Chef d’état-major de l’armée mauritanienne, le général Mohamed Ould Ghazouani, vient d’être nommé nommé ministre de la Défense par le président Aziz, qui pourrait renoncer à un troisième mandat
Le général Ghazouani, un soutien constant et loyal de Mohamed Ould Abdel Aziz depuis son accession au pouvoir en 2008, devait en principe prendre sa retraite de chef d’état-major avant la fin du mois d’octobre. Or la désignation de ce gradé, fin octobre, comme ministre de la Défense, pourrait redistribuer les cartes d’une situation politique de plus en plus tendue.
La montée des périls
On ignore en effet si l’actuel Président Aziz sera candidat en 2019 pour un troisième mandat, alors que la constitution mauritanienne lui interdit de briguer une telle charge. Yeddih Ould Breideleil, une personnalité éminente de sensibilité bassiste, l’idéologie nationaliste qui est celle des maures au pouvoir, vient de conseiller au président Aziz de « prendre de la hauteur », voire de lever le pied. Une signe qui ne trompe pas sur l’état d’esprit des élites qui gouvernent le pays et qui avaient soutenu l’actuel chef de l’état jusqu’à présent. « La Mauritanie qui était déjà mal en point à cause du gaspillage et d’un tâtonnement invraisemblable, écrivait Yeddih Ould Breideleil récemment, a été jeté l’année dernière dans une confusion folle par un processus incompréhensible dont la première salve a été la révision constitutionnelle, refusée par le Parlement et malgré tout imposée. Elle a été suivie d’actions inconsidérées qui dénotaient, non pas de la lucidité mais de la nervosité et la solitude dans la décision ».

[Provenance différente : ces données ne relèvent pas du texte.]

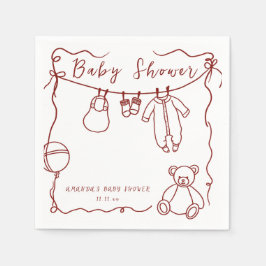 Babywäsche Babydusche Serviette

Plus grave, la montée de la contestation interne, qu’incarne entre autres le leader anti esclavagiste Biram, élu député en septembre mais aujourd’hui emprisonné, provoque une répression accrue et par réaction une solidarité au sein de l’opposition. Enfin les derniers développements de la situation en Arabie Saoudite, l’allié constant du président Aziz, met le régime dans une situation délicate. D’autant plus qu’à Paris, les relais du pouvoir mauritanien comme Jemal Taleb qui fait l’objet d’une plainte pour violation de la qualité d’avocat, sont jugés « infréquentables » par l’Elysée. C’est du moins ce que confie à Mondafrique un élu d’ »En Marche » qui a ses entrées auprès de la cellule diplomatique d’Emmanuel Macron.
Le très consensuel Ghazouani
Or la rumeur insistante qui circule à Noaukchott, la voici: le général Ghazouani pourrait bien avoir été placé ainsi en orbite pour assumer l’année prochaine, au lieu et place de l’actuel chef de l’Etat et avec son aval, la fonction de président. A la façon dont Poutine avait pu placer en 2008 Dmitri Medvedev, son Premier ministre, à la tète de la Fédération de Russie .
Le général Ghazouani bénéficie de nombreux atouts pour servir de bouclier à un président Aziz contesté en interne et déconsidéré à l’international. Première qualité, ce haut gradé a toujours entretenu de bonnes relations avec la France, les Etats Unis et le Maroc- Ce qui équilibre les préférences algériennes et séoudiennes de l’actuel chef de l’Etat. Ensuite, Ghazouani bénéficie d’un large consensus au sein de l’armée mauritanienne, la colonne vertébrale du pouvoir.
Enfin ses origines et son parcours en font une personnalité respectée bien au delà du cercle clanique et affairiste qui entoure aujourd’hui la présidence. En privé, des personnalités de l’opposition espèrent une telle promotion du général Ghazouani. Jusqu’au sein du parti islamiste Tawassol, arrivé en tête de l’opposition lors du dernier scrutin législatif de septembre et où on met en avant ses engagements spirituels. « Fils d’un chef spirituel de la tribu maraboutique Ideiboussat, des Berbères à qui l’on prête des pouvoirs mystiques, écrit le site du « Point Afrique », il est réputé pour sa discrétion mais aussi pour bénéficier de l’influence également discrète mais grande de sa tribu très active dans les questions religieuses, le soufisme notamment, mais aussi dans le commerce de véhicules, de thé, de tissus et de céréales ».
Aux yeux d’un président mauritanien qui se méfie de tout et de tous, le principal défaut de Ghazouani tient sans doute à cette image consensuelle qui pourrait ternir la sienne.